[Captioned web images]

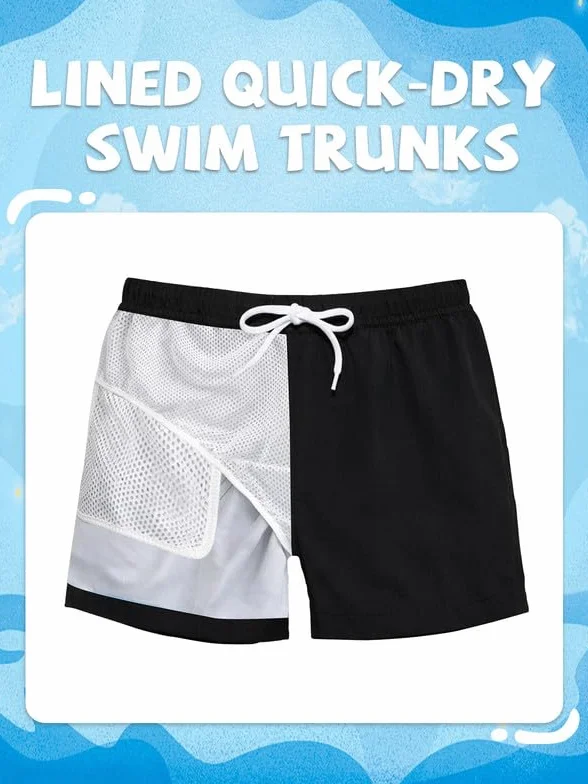 Short de Bain Garcon avec Doublure en Filet Maillot de Bain Garçon Ado Séchage Rapide Boardshort de Surf Léger pour la Plage et la Mer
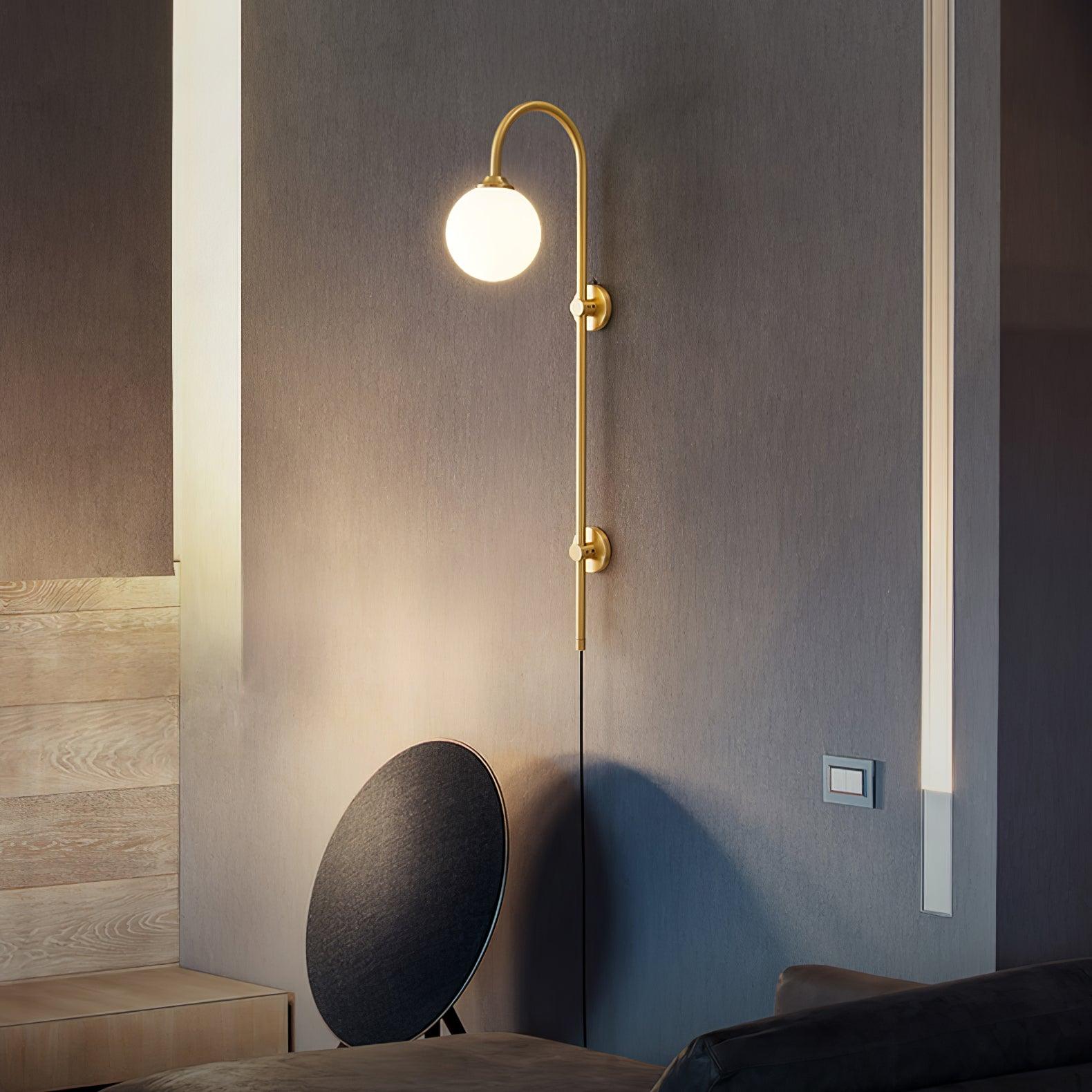 Tall Brass Globe Plug-In Wall Light / ∅ 4.7″ x H 23.6″ / Dia 12cm x H 60cm / Gold & White / EU Plug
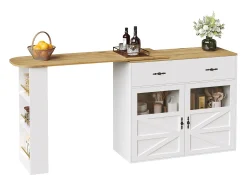 Mueble bar extensible - 138-204 x 39 x 104 cm - Mesa de comedor giratoria 360° - con 2 puertas + 1 cajón - MDF - blanco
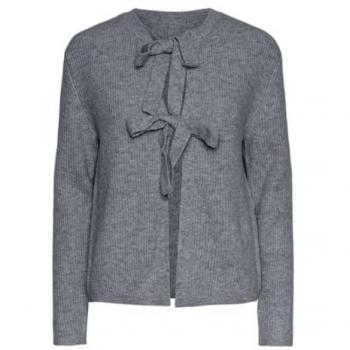 Cardigan reversible de mujer Pieces Silly Noos BC con nudo en la parte delantera, color gris melange, talla XL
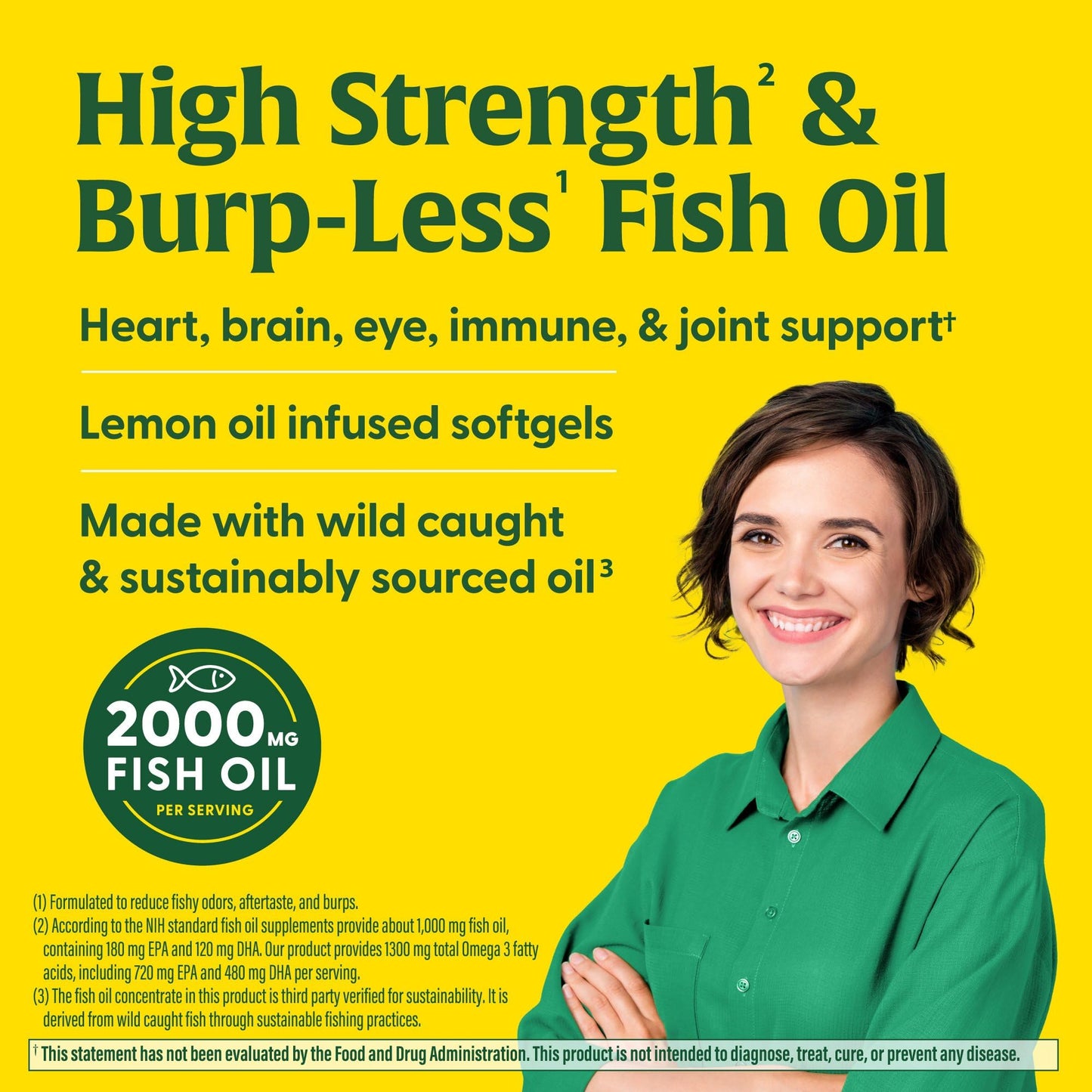 MegaFood 2000mg Fish Oil Omega-3 – Burp-Less & Lemon-Infused | 1200mg EPA & DHA per Serving | 90 Softgels, 45 Servings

TASK PROMPT:
Where a picture appears in the data, omit it; restate the rest word for word.

RESPONSE BELOW:
 Short de Bain Garcon avec Doublure en Filet Maillot de Bain Garçon Ado Séchage Rapide Boardshort de Surf Léger pour la Plage et la Mer
 Tall Brass Globe Plug-In Wall Light / ∅ 4.7″ x H 23.6″ / Dia 12cm x H 60cm / Gold & White / EU Plug
 Mueble bar extensible - 138-204 x 39 x 104 cm - Mesa de comedor giratoria 360° - con 2 puertas + 1 cajón - MDF - blanco
 Cardigan reversible de mujer Pieces Silly Noos BC con nudo en la parte delantera, color gris melange, talla XL
 MegaFood 2000mg Fish Oil Omega-3 – Burp-Less & Lemon-Infused | 1200mg EPA & DHA per Serving | 90 Softgels, 45 Servings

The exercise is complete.